[Material for the task — start]
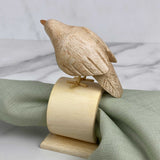 Dove Napkin Ring
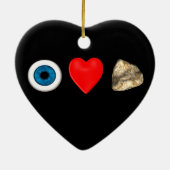 Rebus für Physiker Keramik Ornament (Hinten)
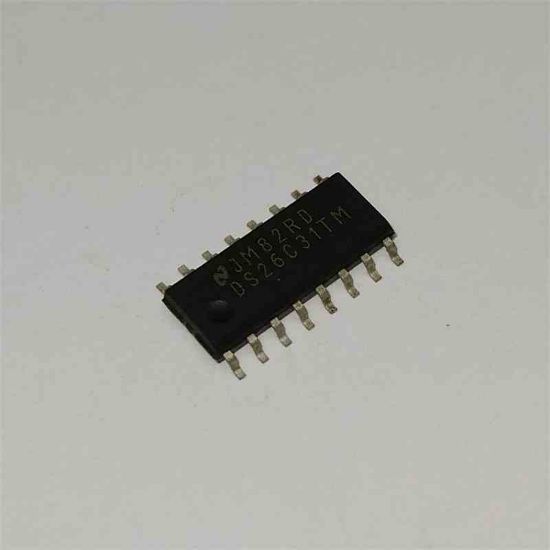 Picture of DS26C31TM smd IC
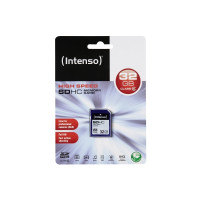 Produktbild för Intenso Class 10 - flash-minneskort - 32 GB - SDHC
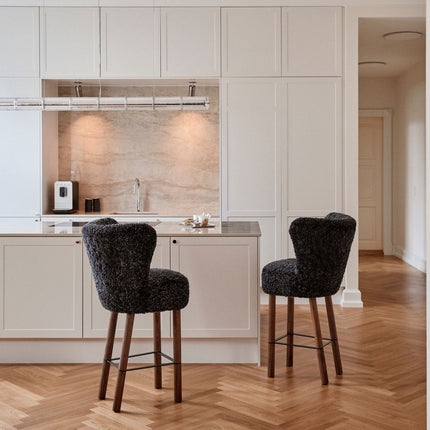 Emilia Barhocker | Lammfell Premium Anthrazit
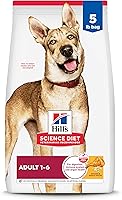 Hill's Science Diet Adult Chicken & Barley Dry Dog Food, 5 lb - Premium Nutrition for Lean Muscles, Digestion & Shiny Coat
[Material for the task — finish]
-- Exercise requirements --
Pictures aside, retype all of the entries word for word.

-- Written solution --
 Dove Napkin Ring
 Rebus für Physiker Keramik Ornament (Hinten)
 Picture of DS26C31TM smd IC
 Produktbild för Intenso Class 10 - flash-minneskort - 32 GB - SDHC
 Emilia Barhocker | Lammfell Premium Anthrazit
 Hill's Science Diet Adult Chicken & Barley Dry Dog Food, 5 lb - Premium Nutrition for Lean Muscles, Digestion & Shiny Coat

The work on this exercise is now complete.